On the Blog Action Day website there’s a list of 88 ways to take action against poverty. I wouldn’t agree that all of the suggestions are ‘action AGAINST poverty’ as such, but they’re undoubtedly actions that would at least make the individual better understand just what poverty is and what it might feel like. One suggestion is: on one day only, eat food that you have asked someone for directly or for the money you need to buy it. Pay attention to the feelings.
I know the feelings.
About eight years ago I left my ex partner for a while (I stayed with a friend) before returning to the house after his departure from it. When I returned I was penniless. Because I had sole responsibility for Paul, my special needs son, I’d had to give up my job when I’d initially left and wasn’t able to go back to work. I applied for benefits.
Now you’d think that would be pretty straight forward wouldn’t you, but no… not in this country! I waited and waited but nothing happened. I had to borrow friends’ telephones to call the benefits agency (no money for a telephone of my own or to use in a phone box) but all I was ever told was that my application was being processed. A month passed, two months passed and still I had nothing but child benefit to survive on. I think that was about £25 per week for my 2 children back then - I was receiving nothing for my son as he was an adult and as I hadn’t NEEDED to previously apply for money from the social fund for him before, I hadn’t bothered. I didn’t believe in taking out of the communal pot just ‘because you can’.
It stands to reason that the small income I had didn’t cover our costs. Our meals were inadequate (I’ve no idea how many times I went without food in order to let the kids eat), the children needed shoes that I couldn’t afford and the rent wasn’t being paid. Most nights we sat without electricity and heating was a luxury we could only dream of at the time. We tried to make it fun by telling stories around candles (I remember getting a huge pack of nasty green ones for £1) and pretending we were camping under our duvets but life was, to say the least, pretty miserable.
Clearly, I couldn’t manage on such a small income and there were times when I had to go to friends with my hat in my hands and ask for money or/and food. God, was that embarrassing. Unless you’ve been in that position, you’ve no idea how humiliating it feels. I’d put it off for as long as I could but sometimes I had no choice, it was either that or let my kids go without a meal again (yes, there were days when none of us ate anything other than cheap bread). There was a point where I seriously considered taking the bus to Manchester to sit on the street and beg. Thankfully, I never had to actually do that but I can understand why some people do. Sometimes you just do what you have to do.
Luckily my housing officer (I was living in a housing association - the same one as now but a different house in a different area) was really good and understood my position. The eviction threats kept coming from head office but she told me to ignore them, that she’d deal with it. You still worry about it though.

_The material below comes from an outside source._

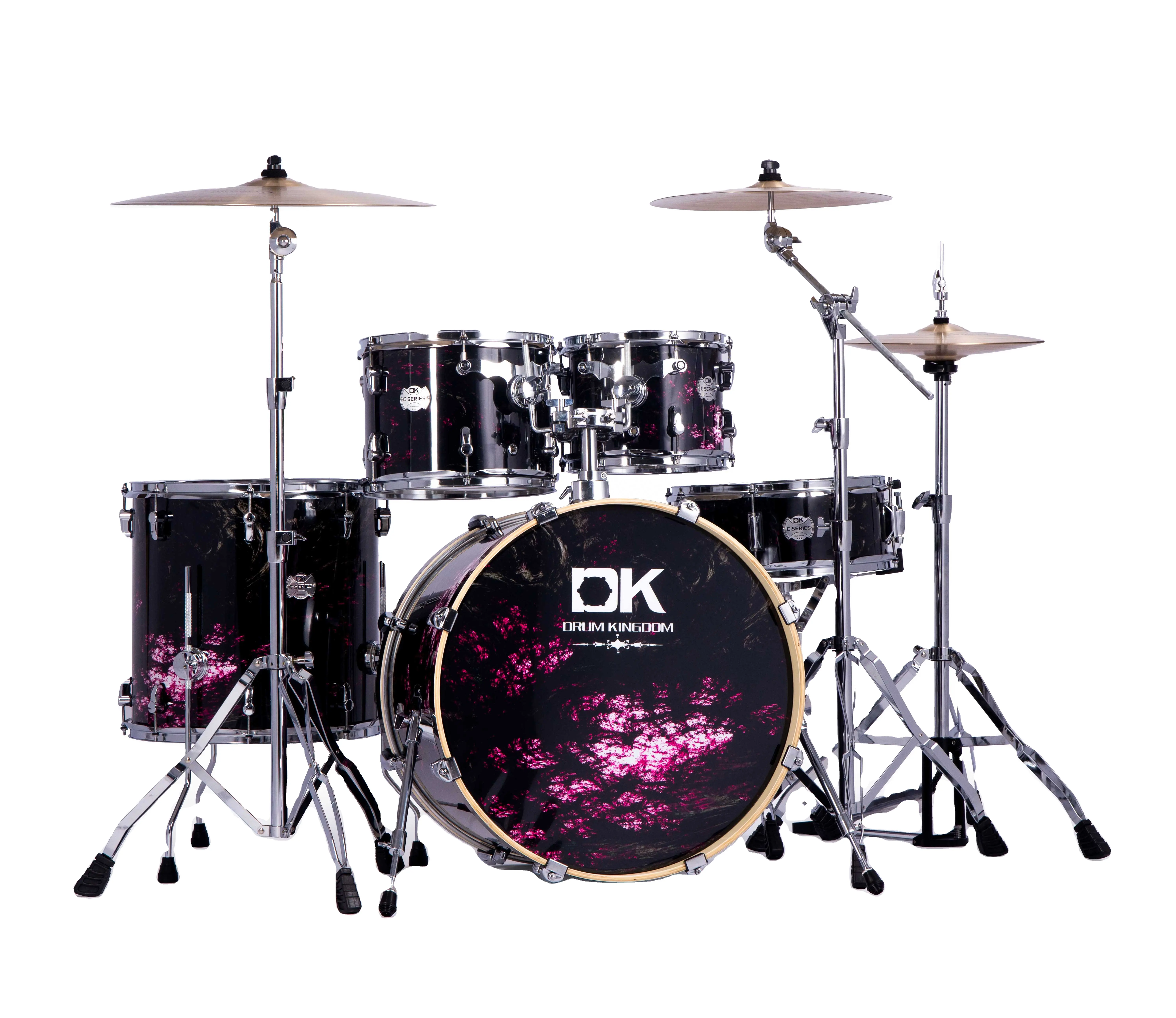 Strumenti a percussione C7S modello tamburo DK acustica scocca in legno di pioppo drum kit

It took six months before my giro eventually arrived. Sure, I got a hefty back-pay but what did that help while we were struggling? It didn’t make us any less hungry during those six months, it didn’t put new shoes on my children’s feet or winter jackets on their backs and it didn’t keep us warm on cold winter nights.
I hope I never experience such a situation again and that none of you ever will. Poverty is soul destroying and in a world of plenty, it needn’t exist.